Sunday, April 18, 2010

Mother's Day

Mother's Day is coming up in less than a month. How to spend Mother's Day has always thrown me for a loop, at least since my son Sean died. My mother died when I was only 13, Sean died shortly before his 18th birthday, nearly ten years ago, and my step-mother died less than a year after Sean was gone from my life.

I was never big on celebrating Mother's Day and Father's Day, but it was important to me to encourgage my son to remember the two fine people who had showered love (and toys) on him since the date of his birth. Even though these two days are artificially created "Hallmark Holidays", I thought it was important that Sean think of someone besides himself occasionally. We are such a child-centered society in the U.S., especially when a couple has only one or two kids to dote on, and when the economy is booming. Children of my son's generation never wanted for anything, at least until the recent recession.

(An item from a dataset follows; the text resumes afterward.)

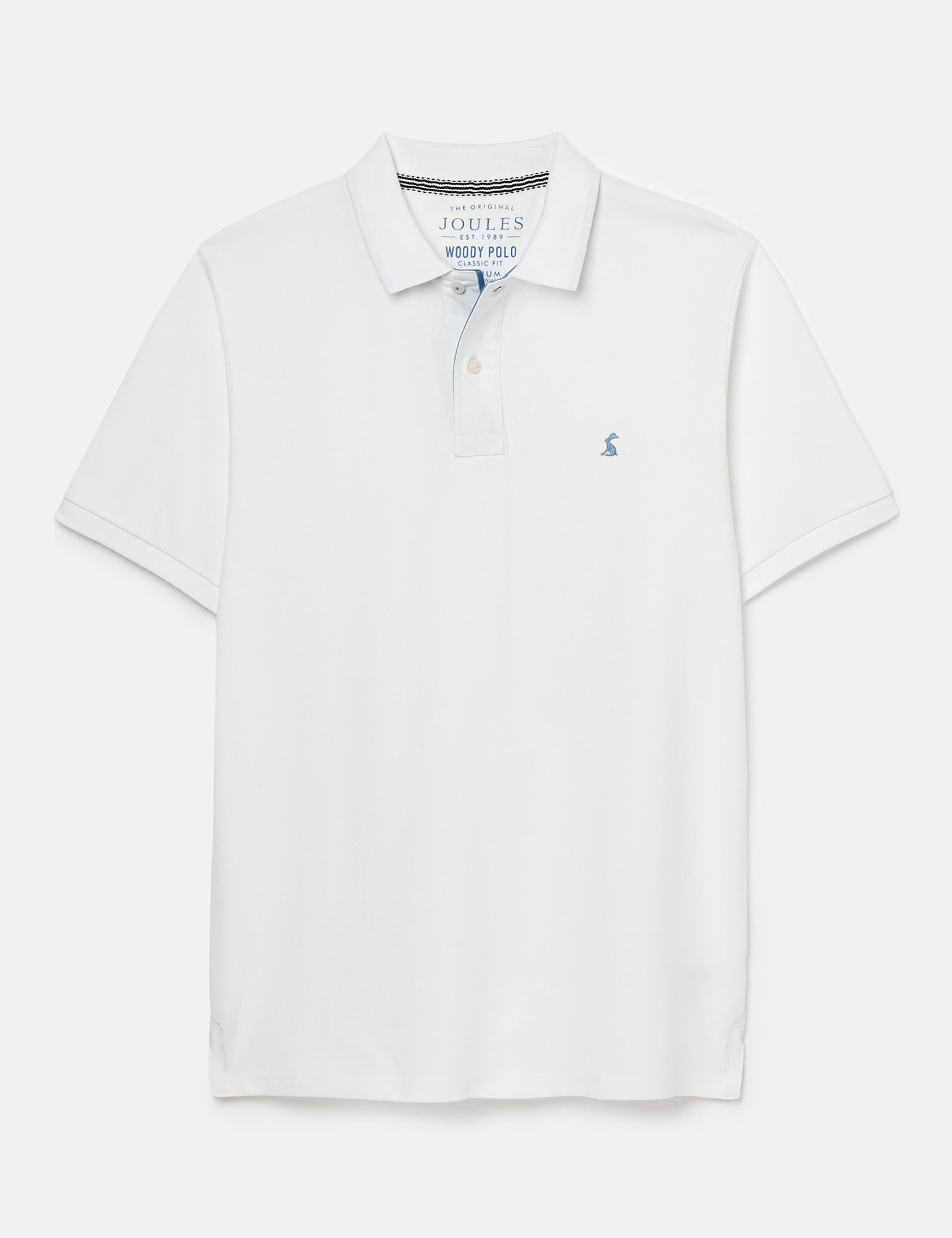 Pure Cotton Piqué Tipped Collar Polo Shirt 2 of 6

After both Sean and my step-mother had died, nine years ago, I have pretty much been at a loss for what to do with myself on this day. Most friends of mine either have mothers, or sons and daughters, or sisters who are mothers, and they celebrate the holiday with them. I do have a sister who is a mother, but she lives on the east coast, and while I will call her to wish her a Happy Mother's Day, what do I do with the rest of my day, while most other families are taking their Mothers out to brunch or dinner?

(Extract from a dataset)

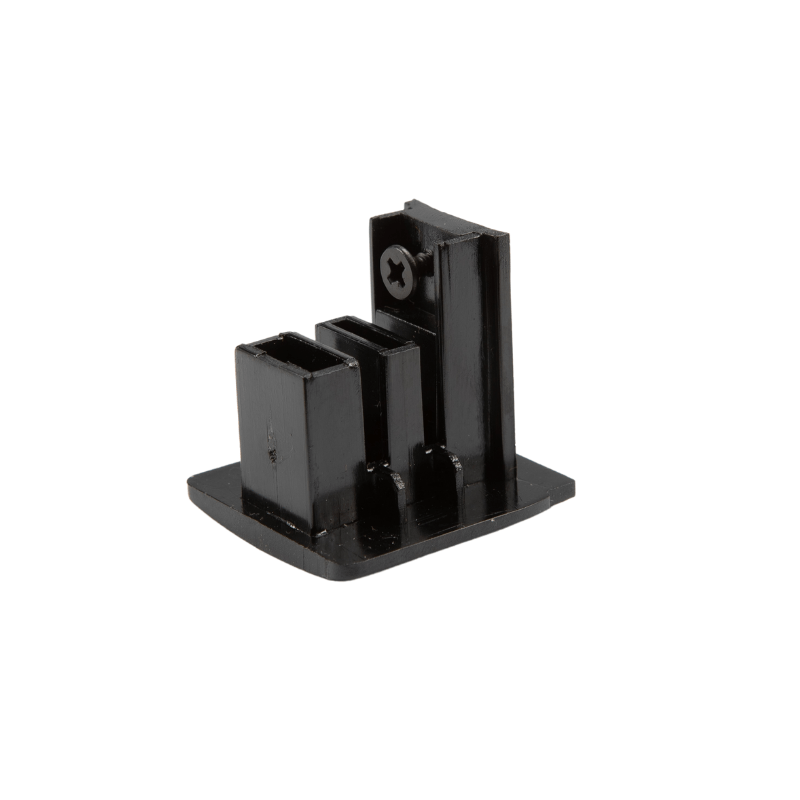 Embout de finition blacke pour rail 3P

Well, this year, I have a plan. I have two friends who are young mothers. One lives nearby and is a first time mother of a three month old; the other lives in Los Angeles, and has a toddler and an infant. I can't get down to LA for Mother's Day, but, with the help of cell phones and Facebook and YouTube, we can share photos, and even toddler babble. (Sometimes, I love high tech.) The other young mom I can visit, if not on Mother's Day, then perhaps the day before. And there is a third thing I am planning to do. I have another friend who is also a Mom, who I have not seen in quite a while and who I am unable to visit at the moment. She has two young childen. I am going to send her something on Mother's Day to enable her to share some quality time with her children, or possibly without her children, so she can be a better mother to her kids once she has de-stressed from her day.

This year, I have good reason to look forward to Mother's Day. Three good reasons, and I am thrilled.